Find and add IP cameras on your network

Overview

Kalytera includes a powerful device discovery system that automatically finds IP cameras and other network devices. The discovery tool supports multiple detection methods and can identify cameras from 180+ manufacturers using a built-in MAC address database.

To start discovering devices, navigate to Setup > Devices and click the Scan Network button in the page header.

Discovery Methods

Kalytera supports four discovery methods:

Ping Discovery

Sends ICMP ping requests to a range of IP addresses to discover any reachable network device.
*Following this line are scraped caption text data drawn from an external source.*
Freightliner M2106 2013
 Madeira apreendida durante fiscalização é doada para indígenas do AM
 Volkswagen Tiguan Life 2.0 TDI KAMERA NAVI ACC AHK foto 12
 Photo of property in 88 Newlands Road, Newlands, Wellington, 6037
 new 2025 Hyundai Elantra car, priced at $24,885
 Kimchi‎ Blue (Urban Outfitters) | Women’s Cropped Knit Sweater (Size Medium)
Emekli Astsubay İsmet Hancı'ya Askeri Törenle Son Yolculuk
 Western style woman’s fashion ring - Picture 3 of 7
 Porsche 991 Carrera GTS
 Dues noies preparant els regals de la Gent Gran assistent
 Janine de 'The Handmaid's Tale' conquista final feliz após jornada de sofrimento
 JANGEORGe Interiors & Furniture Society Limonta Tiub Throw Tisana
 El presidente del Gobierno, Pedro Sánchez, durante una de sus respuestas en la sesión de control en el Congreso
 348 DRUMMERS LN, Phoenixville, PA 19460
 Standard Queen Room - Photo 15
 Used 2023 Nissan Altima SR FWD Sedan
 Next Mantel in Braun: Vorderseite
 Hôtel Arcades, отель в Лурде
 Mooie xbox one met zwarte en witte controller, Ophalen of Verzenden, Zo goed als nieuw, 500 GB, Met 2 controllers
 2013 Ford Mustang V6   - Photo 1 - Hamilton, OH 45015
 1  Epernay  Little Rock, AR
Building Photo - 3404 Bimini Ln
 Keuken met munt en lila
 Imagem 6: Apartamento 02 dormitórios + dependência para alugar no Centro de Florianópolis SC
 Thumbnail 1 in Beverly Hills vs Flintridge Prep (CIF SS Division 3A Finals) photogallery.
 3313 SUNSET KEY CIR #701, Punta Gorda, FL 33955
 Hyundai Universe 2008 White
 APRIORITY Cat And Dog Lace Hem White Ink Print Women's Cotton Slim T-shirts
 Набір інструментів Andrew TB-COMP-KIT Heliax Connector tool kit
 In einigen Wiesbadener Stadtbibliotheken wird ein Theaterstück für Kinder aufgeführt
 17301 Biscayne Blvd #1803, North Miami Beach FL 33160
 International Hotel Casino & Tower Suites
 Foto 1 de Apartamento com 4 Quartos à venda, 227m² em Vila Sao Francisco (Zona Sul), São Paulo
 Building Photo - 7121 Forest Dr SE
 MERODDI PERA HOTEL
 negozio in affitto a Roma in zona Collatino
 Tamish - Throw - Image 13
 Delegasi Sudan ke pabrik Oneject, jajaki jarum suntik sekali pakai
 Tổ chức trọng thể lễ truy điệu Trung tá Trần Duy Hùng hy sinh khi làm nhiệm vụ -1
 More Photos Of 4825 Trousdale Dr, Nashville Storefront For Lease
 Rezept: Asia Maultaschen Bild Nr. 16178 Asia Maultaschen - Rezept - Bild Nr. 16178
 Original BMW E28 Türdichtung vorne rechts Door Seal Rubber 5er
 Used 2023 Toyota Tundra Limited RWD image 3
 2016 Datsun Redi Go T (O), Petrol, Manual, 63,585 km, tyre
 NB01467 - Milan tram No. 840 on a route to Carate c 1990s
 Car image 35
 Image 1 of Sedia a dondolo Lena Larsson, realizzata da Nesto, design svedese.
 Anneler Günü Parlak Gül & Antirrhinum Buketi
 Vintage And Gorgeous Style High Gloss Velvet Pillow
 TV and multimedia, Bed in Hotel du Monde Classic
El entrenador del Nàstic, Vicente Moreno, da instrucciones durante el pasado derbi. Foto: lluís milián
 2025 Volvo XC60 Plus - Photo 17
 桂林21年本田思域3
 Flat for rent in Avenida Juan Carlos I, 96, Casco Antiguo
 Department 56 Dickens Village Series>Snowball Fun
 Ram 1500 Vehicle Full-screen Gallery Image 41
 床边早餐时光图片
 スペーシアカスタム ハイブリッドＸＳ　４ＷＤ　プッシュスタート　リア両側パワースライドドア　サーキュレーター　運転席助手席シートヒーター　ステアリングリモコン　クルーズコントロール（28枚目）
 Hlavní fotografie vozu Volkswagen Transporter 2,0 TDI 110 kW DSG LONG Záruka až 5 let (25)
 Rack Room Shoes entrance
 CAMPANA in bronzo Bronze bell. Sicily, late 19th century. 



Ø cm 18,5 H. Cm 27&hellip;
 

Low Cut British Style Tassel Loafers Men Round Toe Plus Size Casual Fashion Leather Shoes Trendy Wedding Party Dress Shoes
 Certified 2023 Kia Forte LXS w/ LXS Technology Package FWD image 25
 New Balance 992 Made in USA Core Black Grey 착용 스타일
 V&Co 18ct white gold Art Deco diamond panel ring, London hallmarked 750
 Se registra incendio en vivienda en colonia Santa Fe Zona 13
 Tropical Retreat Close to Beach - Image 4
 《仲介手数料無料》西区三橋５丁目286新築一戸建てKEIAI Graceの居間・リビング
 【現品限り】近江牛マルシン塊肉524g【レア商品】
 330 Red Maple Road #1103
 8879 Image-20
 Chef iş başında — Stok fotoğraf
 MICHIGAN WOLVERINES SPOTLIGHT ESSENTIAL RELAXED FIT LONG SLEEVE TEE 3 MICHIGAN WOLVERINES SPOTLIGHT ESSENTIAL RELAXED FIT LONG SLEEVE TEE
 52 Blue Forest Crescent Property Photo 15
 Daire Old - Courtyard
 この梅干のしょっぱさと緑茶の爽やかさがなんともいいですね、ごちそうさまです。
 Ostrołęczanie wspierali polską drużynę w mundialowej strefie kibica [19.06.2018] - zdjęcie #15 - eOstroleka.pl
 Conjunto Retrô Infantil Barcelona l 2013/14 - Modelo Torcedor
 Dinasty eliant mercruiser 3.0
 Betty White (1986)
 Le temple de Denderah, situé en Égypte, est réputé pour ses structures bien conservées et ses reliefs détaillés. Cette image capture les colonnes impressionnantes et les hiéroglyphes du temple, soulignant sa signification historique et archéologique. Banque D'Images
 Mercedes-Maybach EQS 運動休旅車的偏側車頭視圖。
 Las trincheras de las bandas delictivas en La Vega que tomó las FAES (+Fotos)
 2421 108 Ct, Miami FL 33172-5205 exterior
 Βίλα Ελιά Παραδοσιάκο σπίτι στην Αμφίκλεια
This is the simplest and most universal method.

Available on: All editions (including Community)

ONVIF WS-Discovery

Uses WS-Discovery multicast (239.255.255.250:3702) to automatically detect ONVIF-compliant cameras on the local network without specifying an IP range.

Available on: All editions

Hikvision SADP

Proprietary Hikvision Search Active Device Protocol for discovering Hikvision cameras and NVRs on the network.

Available on: All editions

Dahua DHIP

Proprietary Dahua protocol for discovering Dahua cameras and NVRs on the network.

Available on: All editions

Running a Network Scan

  1. Navigate to Setup > Devices and click the Scan Network button in the page header.
  2. Enter the IP range to scan, for example:
    • 192.168.1.1-192.168.1.254 — scans all addresses in the subnet
    • 10.0.0.1-10.0.0.50 — scans a smaller range
  3. Select discovery methods — choose which protocols to use. For the broadest results, enable Ping along with ONVIF WS-Discovery.
  4. Click Scan to start the discovery process. A progress bar shows the scan status.
  5. Review results — discovered devices appear in a table showing IP address, manufacturer, device model, MAC address, and discovery method. Kalytera uses its 180+ vendor MAC address database to automatically identify camera brands.
Tip: Ping scans can process up to 50 concurrent connections for fast scanning. A typical /24 subnet (254 addresses) takes only a few seconds.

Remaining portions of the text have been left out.